Realizing Your Dream
- Bethany Ahlberg
- May 30
- 2 min read

Start Here
Open your preferred note-taking app and answer the following questions, one brief paragraph each:
What’s the issue or challenge you’ve seen up close? Tip: Funders want statistics and your lived experience in proximity to the problem.
What future are you trying to make possible for the people you serve? Tip: Connect your work to something bigger than yourself.
What are the key services, actions, or offerings you want to deliver? Tip: Name what you'll actually do, and why it will help.
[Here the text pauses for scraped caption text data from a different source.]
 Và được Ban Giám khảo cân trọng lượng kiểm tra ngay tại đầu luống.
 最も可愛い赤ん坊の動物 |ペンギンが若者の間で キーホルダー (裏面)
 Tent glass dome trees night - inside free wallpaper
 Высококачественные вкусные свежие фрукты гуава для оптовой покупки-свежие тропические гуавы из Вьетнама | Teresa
What does success look like—and for whom? Tip: Numbers, reflection, feedback, and visible shifts are all evidence you can measure.
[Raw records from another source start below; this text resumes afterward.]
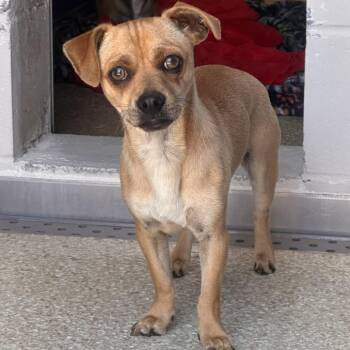 Chihuahua and Pug Dogs Available for Adoption in Reno, Nevada - Pony | PetCurious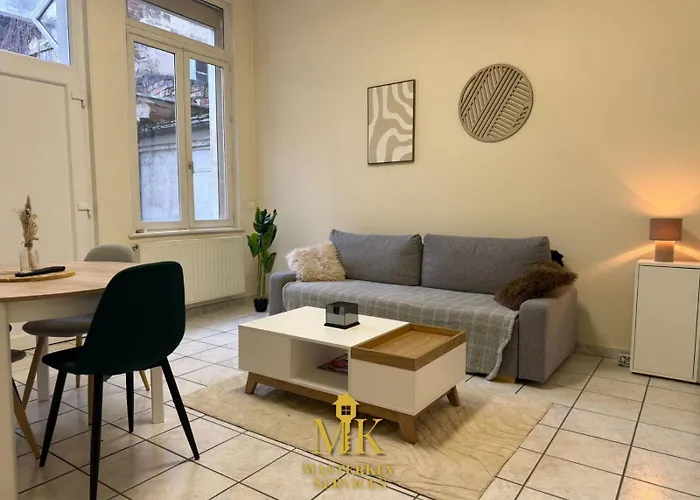 T2 Chic & Lumineux Centre-ville 公寓 *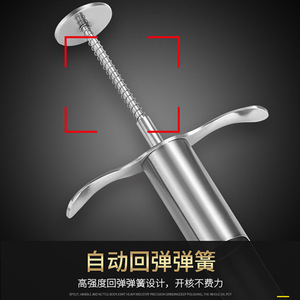 Multi Function 304 Stainless Steel Date Pitter For Red Dates Green Dates Cherries Home Use Fruit Vegetable Tools - Product Image 5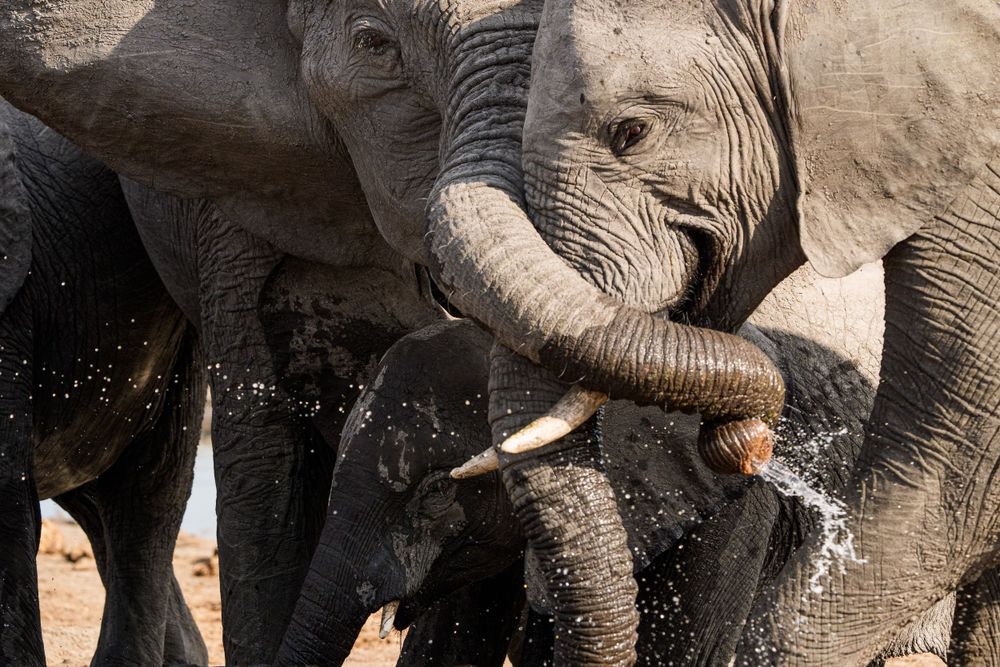 Two young elephants playing and splashing with their trunks in water.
What’s hard to sustain right now that a grant could stabilize? Tip: Be honest; you're not trying to impress, you're demonstrating how you plan with integrity.
Once you've written answers to these prompts, congratulations! You're holding the first, skeletal draft of your grant proposal. You've reflected on what will be the Problem or Need Statement, Goals + Objectives, Methods + Strategies, Metrics, and Budget sections of a more fleshed-out future version of your proposal.
If you’ve made it this far, here’s one fun next step: see if you can find a local grant that aligns with the dream you’re trying to build. Just to see what’s out there. Try Googling: "[your city] community foundation", substituting in the city or region most aligned with your project goals. Most foundation websites will list current or past grant opportunities, or point you to platforms that do.
Read the funder’s goals. Don’t apply yet. Just notice where there’s overlap. This is how alignment begins: your foundation, meeting theirs.